Percona Server Monitoring Setup Guide¶
This guide explains how to configure PMM to monitor Percona Server instances running in Auto Scaling Groups using the terraform-aws-percona-server module.
Overview¶
Unlike RDS monitoring (which connects from PMM to the database), Percona Server monitoring works by installing pmm-client on each ASG instance. A Lambda function handles the lifecycle automatically:
- New instances: Lambda installs pmm-client via SSM, configures the PMM server connection, and adds MySQL monitoring
- Terminated instances: Lambda removes the service from PMM via API
- Existing instances: Lambda skips (the setup script is idempotent)

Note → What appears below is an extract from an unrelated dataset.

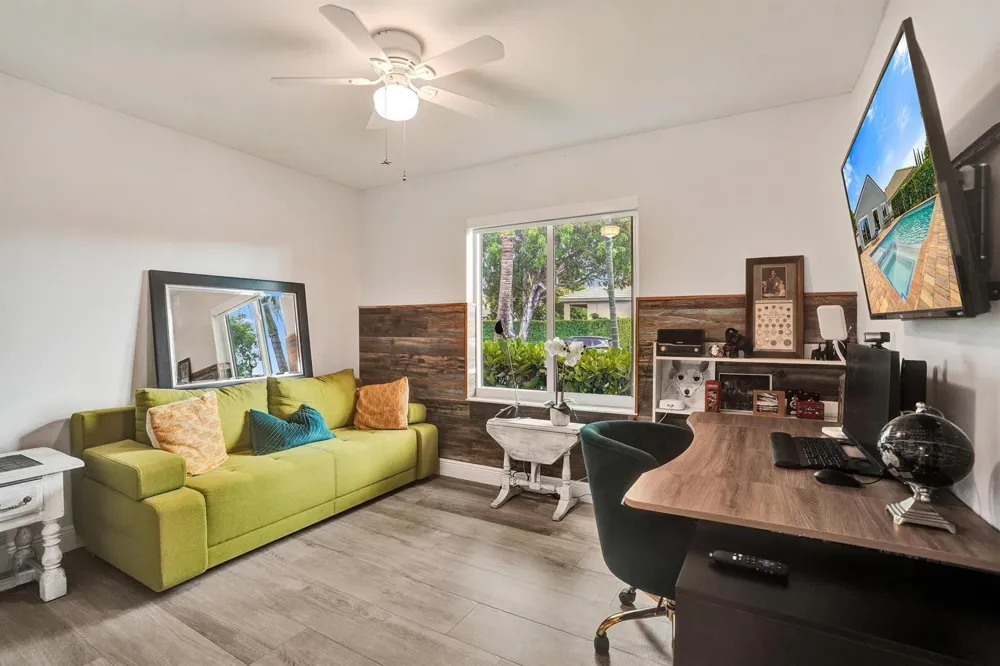 14420 NW 16th Street Pembroke Pines, FL 33028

The Lambda runs every 5 minutes via EventBridge.
Architecture¶
EventBridge (every 5 min)
│
└──> Lambda Reconciler
│
├──> ASG API (discover instances)
├──> PMM HTTP API (list/remove services)
└──> SSM RunShellScript (install pmm-client)
│
└──> Percona Server instances
│
└──> pmm-agent ──gRPC:443──> PMM EC2 (direct)
Why direct connection? pmm-agent uses gRPC (HTTP/2), which AWS ALB does not support (returns HTTP 464). The agent connects directly to the PMM EC2 instance on port 443 using a self-signed certificate (--server-insecure-tls).
Prerequisites¶
- Percona Server ASG deployed with terraform-aws-percona-server
- ASG instances must be SSM-managed (SSM agent installed, IAM role with SSM permissions)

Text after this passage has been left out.